Hoogst … zeldzaam en … dieptriest

 redactie: Jodi van der Giesen

reacties/opmerkingen:karibuni@tele2.nl

nr.

25


 

Trouwe lezers en lezeressen hebben soepel de overgang mee kunnen lezen van geboorte-, naar huwelijks-, en van huwelijks-, naar overlijdensakten. De voortgang voor wat de overlijdensakten betreft, ook en juist als er even geen artikelen geschreven hoeven te worden voor Ouwe koeien, is gestaag, doorlopend en voortvarend.

 

Zeker toen de Burgerlijke Stand nog in de baby- en kinderschoenen stond, tot vele jaren nadien, zijn er overwegend en eigenlijk alleen maar overlijdensakten van personen, die lang vóórdat de BS verplicht werd en zijn plaats in het documentencircuit had weten te veroveren, geboren werden. Van deze personen ontbreken dus de geboorteakten, die immers pas hun wettelijke intrede deden vanaf 1811. Zoals bekend, eerst nog drie jaren in de Franse taal. Daarna, vanaf 1814 en voor altijd in het Nederlands. Gertrude werd Geertruij, Jean en Jeanne werden Jan en Johanna of Jenneke, Corneille werd Cornelis en Guillaume werd Willem. Achternamen waren en bleven trouwens hetzelfde, afgezien van secretariële dwalingen, als gevolg waarvan voor- en achternamen zo geschreven werden zoals op dat moment goed werd geacht. Of fonetisch, afgaande op hoe de namen klonken.

 

De registratie van de overlijdensakten is nu gevorderd tot en met 1830, en langzamerhand beginnen steeds meer personen op deze akten voor te komen die niet alleen in Dreumel ontsliepen, maar die ook als Dreumelnaar werden geboren. Uiteraard kon je op het moment van overlijden dan nooit ouder zijn dan 1830 minus 1811. In het uiterste geval, als je in 1811, ‘12 of ‘13 was geboren, heette je op je geboorteakte nog anders. Bijvoorbeeld bij je geboorte nog François, maar toen je overleed Frans of Franciscus. Maar dat deerde werkelijk niemand, op z’n minst zo leek het wel de schrijvende secretaris. En de sterke indruk ontstaat dat er bijzonder coulant werd omgesprongen met die klakkeloze omzetting van Franse naar Nederlandse (voor)namen.
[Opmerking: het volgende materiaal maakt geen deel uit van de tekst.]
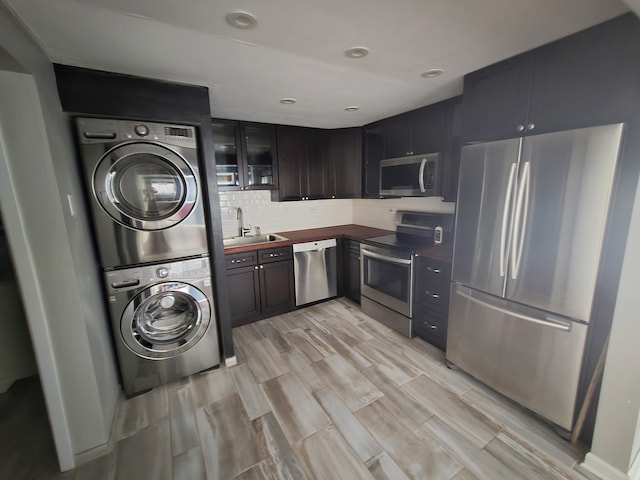 324 Klein Creek Ct Unit A, Carol Stream, IL 60188 - laundry area featuring estacked washer and dryer and wood tiled floors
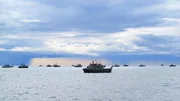 A storm brewing with ships in the bay.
Een geheel ander Ouwe koeienartikel voor maart 2013 was al wekenlang in de maak. De titel van dat artikel zal pas bekend worden als het op de site verschijnt, maar het was al in een vergevorderd stadium. De niet ongewone gang van zaken is dat elk artikel in voorbereiding keer op keer wordt herlezen, fouten worden gecorrigeerd,  zinnen anders worden samengesteld en grote en kleine aanpassingen her en der worden doorgevoerd voor het ter beoordeling kan worden aangeboden voor eventuele plaatsing op de Tremele-site.

Maar nu ineens niet meer dat al bijna voltooide artikel dat voor maart voorzien was. Want dat moet plotseling ruim plaatsmaken voor iets dat me stevig aangegrepen heeft. Toch al niet de meest prettige akten om dagelijks en vrijwillig mee geconfronteerd te worden, zijn er, blijkt nu weer, steeds nóg overtreffender trappen, die je voorstellingsvermogen nog verder oprekken dan waarover je aanvankelijk nog dacht dat het niet nog erger zou kunnen.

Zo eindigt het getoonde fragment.